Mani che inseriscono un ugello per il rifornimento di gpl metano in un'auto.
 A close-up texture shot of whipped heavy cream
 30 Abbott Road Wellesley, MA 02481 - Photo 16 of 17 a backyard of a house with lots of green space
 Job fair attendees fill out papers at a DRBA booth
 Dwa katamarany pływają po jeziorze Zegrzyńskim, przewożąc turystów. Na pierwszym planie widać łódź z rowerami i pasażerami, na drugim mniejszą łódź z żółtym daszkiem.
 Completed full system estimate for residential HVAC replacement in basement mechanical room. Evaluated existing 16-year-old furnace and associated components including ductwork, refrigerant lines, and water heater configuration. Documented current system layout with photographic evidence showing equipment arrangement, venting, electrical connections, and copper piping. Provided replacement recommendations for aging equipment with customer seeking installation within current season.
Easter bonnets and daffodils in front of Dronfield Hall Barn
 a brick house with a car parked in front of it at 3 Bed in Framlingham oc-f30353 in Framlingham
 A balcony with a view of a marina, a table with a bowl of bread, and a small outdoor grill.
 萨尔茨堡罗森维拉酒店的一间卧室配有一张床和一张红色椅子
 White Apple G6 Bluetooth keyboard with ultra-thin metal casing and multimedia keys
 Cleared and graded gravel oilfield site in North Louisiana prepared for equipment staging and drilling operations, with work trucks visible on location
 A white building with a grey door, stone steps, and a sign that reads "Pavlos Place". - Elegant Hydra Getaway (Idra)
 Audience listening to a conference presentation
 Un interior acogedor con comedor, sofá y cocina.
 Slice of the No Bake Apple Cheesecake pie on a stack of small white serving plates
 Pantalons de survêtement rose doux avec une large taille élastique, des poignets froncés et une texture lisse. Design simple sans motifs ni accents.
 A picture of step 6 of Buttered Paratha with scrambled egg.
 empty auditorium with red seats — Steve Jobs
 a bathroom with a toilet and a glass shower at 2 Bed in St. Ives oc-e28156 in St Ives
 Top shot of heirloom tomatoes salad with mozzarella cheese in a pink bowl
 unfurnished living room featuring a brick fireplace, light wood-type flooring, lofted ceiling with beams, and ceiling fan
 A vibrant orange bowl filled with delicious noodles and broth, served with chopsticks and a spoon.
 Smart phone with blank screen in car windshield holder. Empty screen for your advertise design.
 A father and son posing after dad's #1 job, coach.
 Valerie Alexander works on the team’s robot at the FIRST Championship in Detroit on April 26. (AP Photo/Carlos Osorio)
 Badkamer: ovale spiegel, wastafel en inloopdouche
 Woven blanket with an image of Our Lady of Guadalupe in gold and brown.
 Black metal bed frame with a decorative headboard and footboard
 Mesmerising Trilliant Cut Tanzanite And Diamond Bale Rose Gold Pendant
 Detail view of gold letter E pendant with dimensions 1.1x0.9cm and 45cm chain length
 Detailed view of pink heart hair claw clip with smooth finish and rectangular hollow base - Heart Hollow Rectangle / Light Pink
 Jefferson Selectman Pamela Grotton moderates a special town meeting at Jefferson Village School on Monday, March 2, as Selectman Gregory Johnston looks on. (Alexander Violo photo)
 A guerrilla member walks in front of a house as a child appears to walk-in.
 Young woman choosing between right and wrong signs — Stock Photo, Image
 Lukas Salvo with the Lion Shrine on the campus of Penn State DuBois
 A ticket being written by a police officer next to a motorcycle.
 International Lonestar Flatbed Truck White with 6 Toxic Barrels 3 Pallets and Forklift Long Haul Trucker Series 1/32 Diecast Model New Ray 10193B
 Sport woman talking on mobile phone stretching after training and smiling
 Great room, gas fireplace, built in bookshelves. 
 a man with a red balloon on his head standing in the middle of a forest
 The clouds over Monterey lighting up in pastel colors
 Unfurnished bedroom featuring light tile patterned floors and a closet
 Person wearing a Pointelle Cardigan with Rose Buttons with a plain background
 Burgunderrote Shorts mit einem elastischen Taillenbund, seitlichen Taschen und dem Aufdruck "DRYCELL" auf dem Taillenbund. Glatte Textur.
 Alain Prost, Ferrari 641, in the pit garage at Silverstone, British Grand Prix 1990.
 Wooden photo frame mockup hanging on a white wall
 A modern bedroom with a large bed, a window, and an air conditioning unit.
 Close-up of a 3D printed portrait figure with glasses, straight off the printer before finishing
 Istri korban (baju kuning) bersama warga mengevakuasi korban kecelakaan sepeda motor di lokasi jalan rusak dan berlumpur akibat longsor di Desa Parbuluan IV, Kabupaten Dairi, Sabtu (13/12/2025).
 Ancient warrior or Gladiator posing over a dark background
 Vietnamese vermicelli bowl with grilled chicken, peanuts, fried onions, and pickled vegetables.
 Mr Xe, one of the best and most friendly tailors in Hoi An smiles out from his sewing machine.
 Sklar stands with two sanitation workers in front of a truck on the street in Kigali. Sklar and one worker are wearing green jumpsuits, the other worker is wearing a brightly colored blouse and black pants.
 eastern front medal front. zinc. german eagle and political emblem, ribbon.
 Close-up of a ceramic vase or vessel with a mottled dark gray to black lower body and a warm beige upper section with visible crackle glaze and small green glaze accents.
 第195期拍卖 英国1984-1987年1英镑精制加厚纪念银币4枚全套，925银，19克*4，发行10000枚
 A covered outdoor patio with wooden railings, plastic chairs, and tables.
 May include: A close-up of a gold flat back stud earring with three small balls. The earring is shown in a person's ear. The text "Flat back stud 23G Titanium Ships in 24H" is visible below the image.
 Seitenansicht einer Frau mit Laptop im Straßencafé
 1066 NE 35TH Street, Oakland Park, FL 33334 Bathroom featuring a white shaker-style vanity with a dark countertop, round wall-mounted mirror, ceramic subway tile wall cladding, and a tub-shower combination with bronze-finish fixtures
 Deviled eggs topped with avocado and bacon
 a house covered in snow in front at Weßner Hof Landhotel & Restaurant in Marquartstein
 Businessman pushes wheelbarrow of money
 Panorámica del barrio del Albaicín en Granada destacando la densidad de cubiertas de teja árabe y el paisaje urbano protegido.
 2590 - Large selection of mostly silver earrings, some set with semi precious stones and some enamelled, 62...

——————

▶ **WORK INSTRUCTION**
Lines from the top of the entries above to the line that contains "Audience listening to" should be set down exactly, please, with both ends kept and nothing added.

▶ **RESULT BELOW**
Mani che inseriscono un ugello per il rifornimento di gpl metano in un'auto.
 A close-up texture shot of whipped heavy cream
 30 Abbott Road Wellesley, MA 02481 - Photo 16 of 17 a backyard of a house with lots of green space
 Job fair attendees fill out papers at a DRBA booth
 Dwa katamarany pływają po jeziorze Zegrzyńskim, przewożąc turystów. Na pierwszym planie widać łódź z rowerami i pasażerami, na drugim mniejszą łódź z żółtym daszkiem.
 Completed full system estimate for residential HVAC replacement in basement mechanical room. Evaluated existing 16-year-old furnace and associated components including ductwork, refrigerant lines, and water heater configuration. Documented current system layout with photographic evidence showing equipment arrangement, venting, electrical connections, and copper piping. Provided replacement recommendations for aging equipment with customer seeking installation within current season.
Easter bonnets and daffodils in front of Dronfield Hall Barn
 a brick house with a car parked in front of it at 3 Bed in Framlingham oc-f30353 in Framlingham
 A balcony with a view of a marina, a table with a bowl of bread, and a small outdoor grill.
 萨尔茨堡罗森维拉酒店的一间卧室配有一张床和一张红色椅子
 White Apple G6 Bluetooth keyboard with ultra-thin metal casing and multimedia keys
 Cleared and graded gravel oilfield site in North Louisiana prepared for equipment staging and drilling operations, with work trucks visible on location
 A white building with a grey door, stone steps, and a sign that reads "Pavlos Place". - Elegant Hydra Getaway (Idra)
 Audience listening to a conference presentation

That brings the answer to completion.